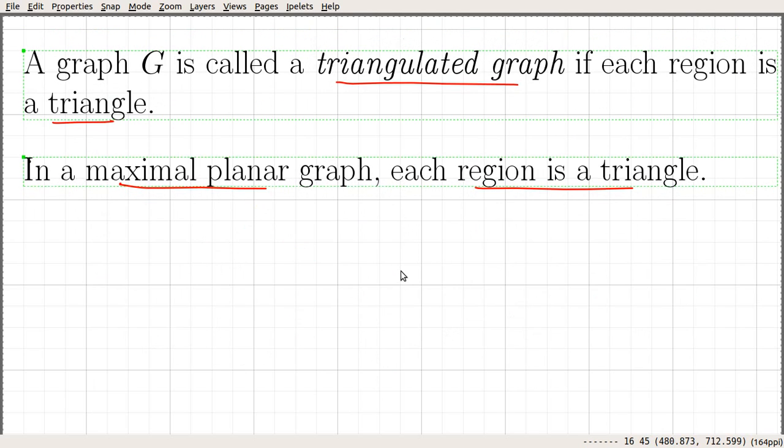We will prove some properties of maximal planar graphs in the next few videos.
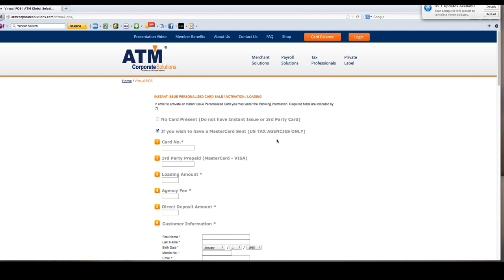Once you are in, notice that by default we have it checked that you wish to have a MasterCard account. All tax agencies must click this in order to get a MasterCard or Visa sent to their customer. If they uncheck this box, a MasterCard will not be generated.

──────

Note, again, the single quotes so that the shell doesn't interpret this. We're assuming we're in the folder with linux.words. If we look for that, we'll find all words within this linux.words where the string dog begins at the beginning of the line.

──────

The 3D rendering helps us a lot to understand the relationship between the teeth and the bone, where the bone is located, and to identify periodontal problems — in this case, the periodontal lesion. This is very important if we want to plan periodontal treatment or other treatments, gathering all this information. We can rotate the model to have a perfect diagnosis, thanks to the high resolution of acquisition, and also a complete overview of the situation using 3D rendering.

──────

* _Problem description_:
Copy only what runs above from the line containing "We will prove" through the line containing "Once you are", exactly. Leave out the pictures.

* _Your response_:
We will prove some properties of maximal planar graphs in the next few videos.
Once you are in, notice that by default we have it checked that you wish to have a MasterCard account. All tax agencies must click this in order to get a MasterCard or Visa sent to their customer. If they uncheck this box, a MasterCard will not be generated.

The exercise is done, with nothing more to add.